Image: Pump jacks are seen at the Lukoil company owned Imilorskoye oil field, as the sun sets, outside the West Siberian city of Kogalym, Russia, January 25, 2016. REUTERS/Sergei Karpukhin
By Henning Gloystein
SINGAPORE (Reuters) – Oil prices on Monday made up ground from steep falls in the previous session but analysts said oversupply meant the market remained weak.
U.S. West Texas Intermediate (WTI) crude futures were trading at $29.89 per barrel at 8.38 p.m. ET, up 25 cents from their last settlement. International benchmark Brent was up 24 cents at $33.25 per barrel. Both contracts had fallen almost 4 percent on Friday.
Despite Monday’s gains, analysts said that market conditions remained weak due to an ongoing glut.
Record U.S. crude stocks of 504.1 million barrels pulled back gains from last week’s relief rally on the announcement of a production freeze by Russia and the Organization of the Petroleum Exporting Countries (OPEC).
“Crude stocks in the U.S. are at record highs and production is also at or near records and remains way above daily demand, so freezing production at current levels won’t reduce the glut, but will actually add to it further,” one oil trader said.
With production outpacing demand by 1-2 million barrels every day, crude prices have fallen around 70 percent since mid-2014.

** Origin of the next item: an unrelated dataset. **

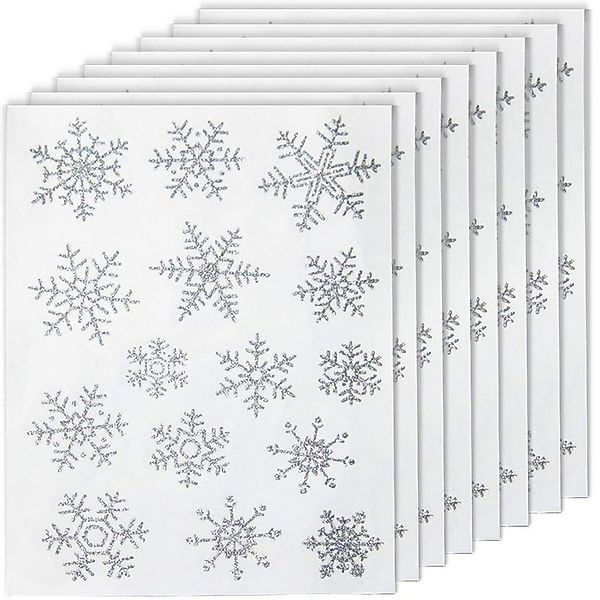 FOUORTUNATE-BEE Fensterdekoration 120-teiliges Set: Weihnachtliche Schneefl günstig online kaufen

Analysts also said that some producers seemed to show little commitment to a deal reached by Russia and OPEC leader Saudi Arabia, and supported by Qatar and Venezuela, to freeze output at January levels.

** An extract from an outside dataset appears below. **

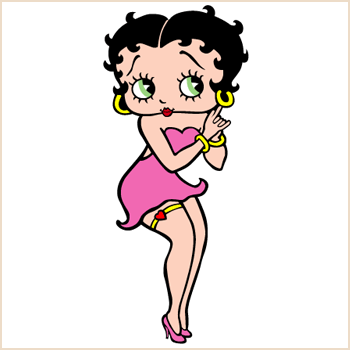 Betty Boop Decal3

“The lack of commitment from some OPEC members on a production freeze remains the key headwind short term,” ANZ bank said on Monday.
OPEC-member Iran has shown little interest in restraining production as it was only allowed a full return to oil markets in January following years of sanctions.
Reuters market analyst Wang Tao said that U.S. WTI crude prices could fall below $28 per barrel, based on technical chart data.